The project will (i) develop and implement climate-resilient flood and riverbank erosion risk mitigation measures; (ii) strengthen key agencies’ capacity in flood forecasting and warning systems, surveys, erosion and embankment breach modeling, asset management, risk-sensitive land-use planning, and nature-based solutions; and (iii) support the livelihood and disaster resilience of the poor and destitute living in flood embankments.

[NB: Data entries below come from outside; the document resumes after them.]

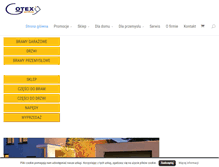 Tablet Screenshot of gotex.com.pl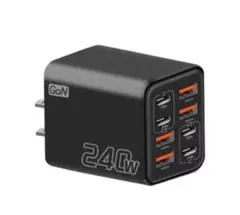 240W GaN 急速充電器 8ポート USB電源アダプター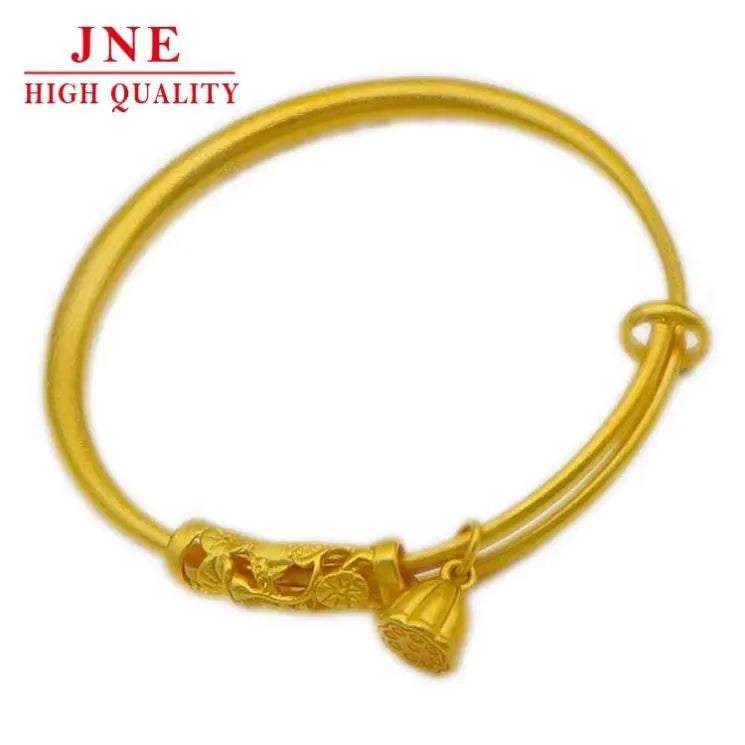 National Fashion Vietnam Gold Seedpod Lotus Fish Flower Tube Ancient Push-Pull Bracelet Live Broadcast Jewelry Supply Wholesale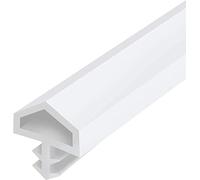 cyclingcolors Junta de Goma para puertas e ventanas blanco 5mm x 10mm Perfil de estanqueidad tira de Sellado Burletes Aislante Acústico (longitud 5m)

Riverbank erosion is one of the most prominent causes of disasters in Assam due to the highly dynamic morphology of the Brahmaputra River and its tributaries. Since the Great Assam Earthquake in 1950, the river has widened from about 6 kilometers (km) to 9 km along its 650 km course in Assam, eroding about 5.5% of Assam cultivable area, destroying roads, homesteads, crops, and flood embankments. Since 1954, around 427,000 hectares of land (equivalent to about 7% of Assam’s area) have been eroded at an average annual erosion rate of 8,000 hectares. Between 2000 and 2018, 93 locations eroded along the main stem of the Brahmaputra River in Assam, causing damages to a total length of more than 400 km.
About 40% of the state (i.e., about 9.4% of the national flood-prone area) is inundated on average annually during the monsoon by the Brahmaputra River and its tributaries, resulting in damages and loss of assets and crops.

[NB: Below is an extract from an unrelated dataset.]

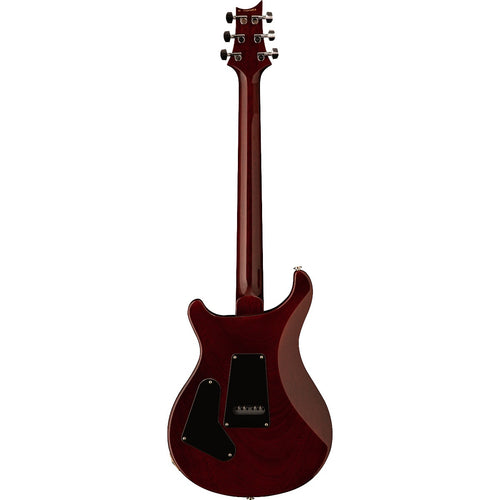 Back view of PRS S2 Custom 24 Electric Guitar - Fire Red Burst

“Riverbank erosion disproportionately affects the poor, who face significant social hardships, such as loss of homesteads, lands, and crops, and are often displaced to fringe lands or urban slums. Disaster risks increase as the population grows, and the high population density of the state hinders people from moving away from disaster-prone areas,” the Bank says.

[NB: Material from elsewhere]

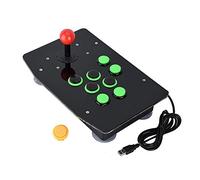 Taidda de Fin d'année Console de Jeu, Console de Jeu USB Durable Arcade Fighting Game Console Joystick No Delay Controller avec Quatre ventouses pour Jeux PC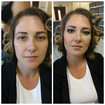 Antes e depois esfumado sem marcação em tons neutro e perolado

By stabilizing 60 km of banks, installing 32 km of pro-siltation measures, and building 4 km of climate-resilient flood embankments in five high-priority districts (Dibrugarh, Goalpara, Kamrup Rural, Morigaon, and Tinsukia), the project will secure living spaces, support livelihoods, create employment opportunities, and ultimately enhance the navigability of the river.
Chronic flooding along the Brahmaputra damages fisheries, agriculture, homes, private and public infrastructure, and lives. Since 1950, large floods have impacted the project area in 1954, 1962, 1972, 1977, 1984, 1988, 1998, 2002, 2004, 2008, 2014, 2017, 2020 and most recently, in 2022.
“Flooding is exacerbated by the ubiquitous riverbank erosion along the Brahmaputra. Riverbank erosion not only destroys land and assets, it also erodes embankment lines, leading to breaches and costly embankment retirements. The combination of high discharges and sediment loads result in a morphologically dynamic river that swiftly laterally shifts within the floodplain,” the Bank says.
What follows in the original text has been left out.